Thursday, December 19, 2013


The Fed's outgoing chairman Ben Bernanke announced yesterday that the Federal Reserve would gradually pull back the stimulus policy, unless future developments would warrant a U-turn. Assurances were also given that interest rates would stay low after the bond-buying ends. Wall Street liked what it heard and the Dow Jones gained 300 points.  Obviously, the Fed's reading of the signs of improving growth had an immediate ripple effect (mostly in Asia). 

Investors who dislike uncertainties cheered and Bernanke leaves with well-deserved laurels, after the cataclysms of Bear Stearns and AIG,  rescued by the Fed in ways that were unorthodox. "Quantitative Easing" was also set in place.  The enacted Dodd/Frank act is an attempt to correct former transgressions.  It increased transparency at the Fed while maintaining independence of monetary policy. The act is supposed to further the stability, transparency and accountability of the financial system. It ends the former "too big to fail" mantra and protects taxpayers by ending bailouts. The recently adopted Volcker Rule prohibits an insured depository institution from engaging in proprietary trading or sponsoring a hedge fund or private equity fund. A firewall was set in place.

All this happened while Europe seemed shackled in austerity measures which were imposed from higher up and created a populist uproar, which still survives.  EU politicians did come up with a hybrid "Single Resolution Mechanism" and the creation of a "Banking Regulator," a set of measures too complex to convince.

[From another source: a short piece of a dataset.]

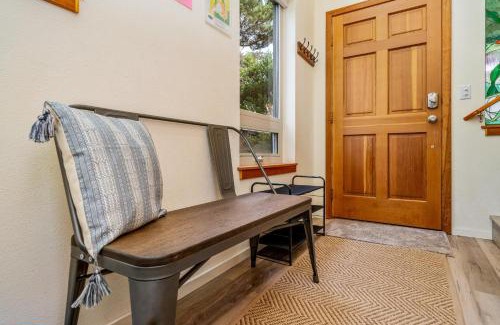 Manzanita House | Sunny Chalet MCA#50350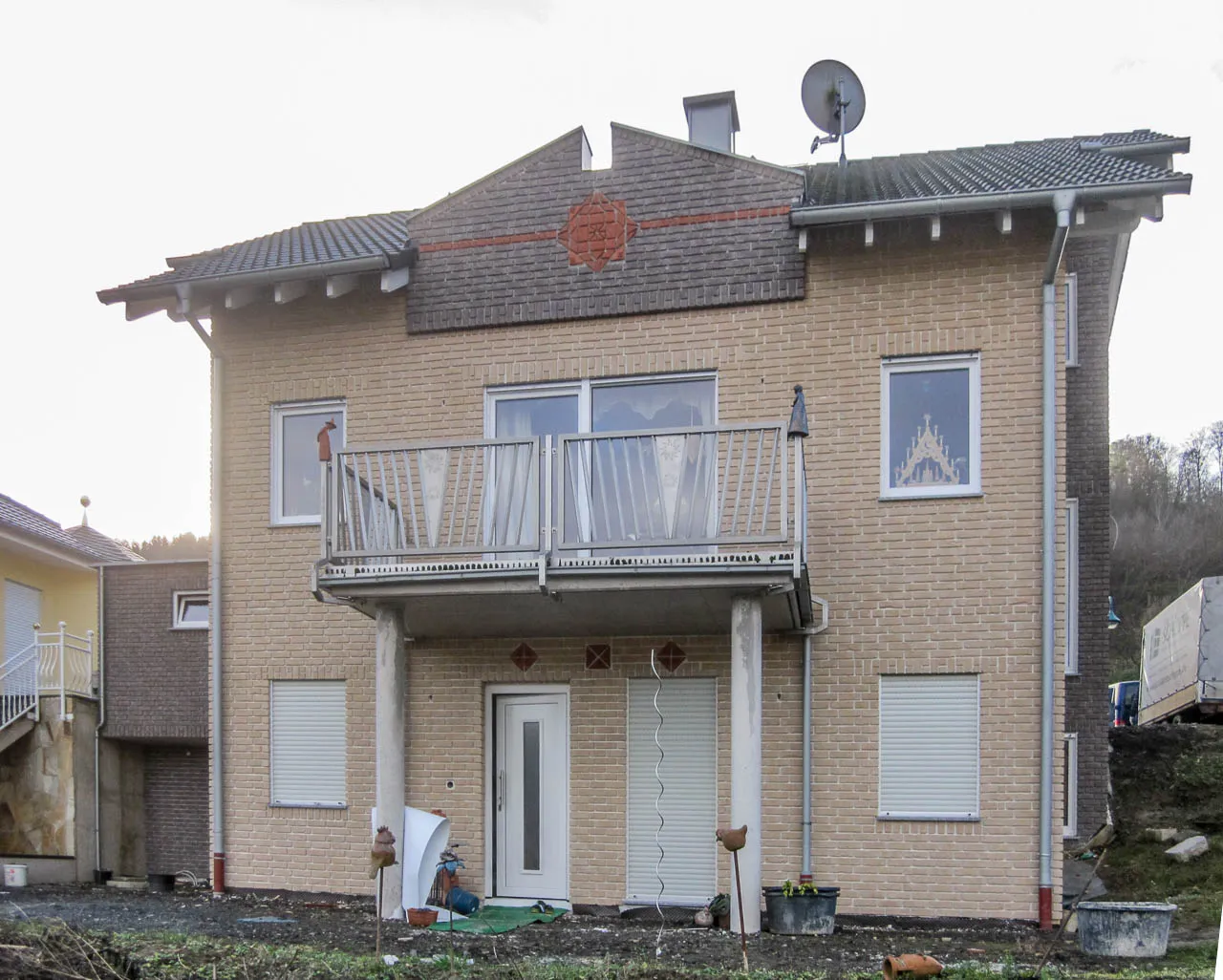 Hausfassade mit den Klinkerriemchen Sandgelb. Eine schöne gelbe Außenfassade mit Integrierung von grauen Backsteinriemchen. Eine tolle Kombi.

The EU stumbles from compromise to compromise with blurred demarcation lines between politics and global intervention and a myriad of decision-makers who stand in the way of efficiency.  For awhile the three central bankers at the Fed, the ECB and London were able to work together.  Now this looks suddenly more difficult.

Britain has recovered and follows the American model.  For now the EU might as well delete the words "growth" and "employment" in its dictionary.  The United States seems to be heading for a slow but steady recovery (unemployment, low inflation, low interest rates, energy independence, R and D boom, housing market up.)  The EU's problem is political and rooted in its heartland where inequality rules. Some decisions are considered as more imposed by necessity than by choice. Mario Draghi, the brilliant ECB'c chief lacks the room for manoeuvre that his American and (new) British counterparts have.

China is becoming a major player. The Renminbi, the "dim sum bonds" (traded in Hong Kong but denominated in RMB), and last but not least, the "sea turtles" (Chinese returning after US education) are dethroning the euro. The Chinese currency might as well choose London as a hub rather than anywhere else. China is a good learner.  London and the United States are the motors behind the Transatlantic Trade and Investment Partnership.  The United States should likewise accelerate a trade deal with its Asian partners. 

Diplomacy today evolves in  large part around free trade. The  quarrels in the East and South China Seas are more than just  about ego and natural ressources. They highlight the mostly categorical imperative of freedom of navigation, which is copming under threat, and which equals trade!  China's blue water ambitions are a larger menace than its "ostentatious" strives elsewhere!  Xi Jinping knows where his interests lie!  The new Fed Chairperson, Janet Yelen  - and the Obama administration as a whole-  better get used to "navigating" both economic crisis and Chinese treacherous waters.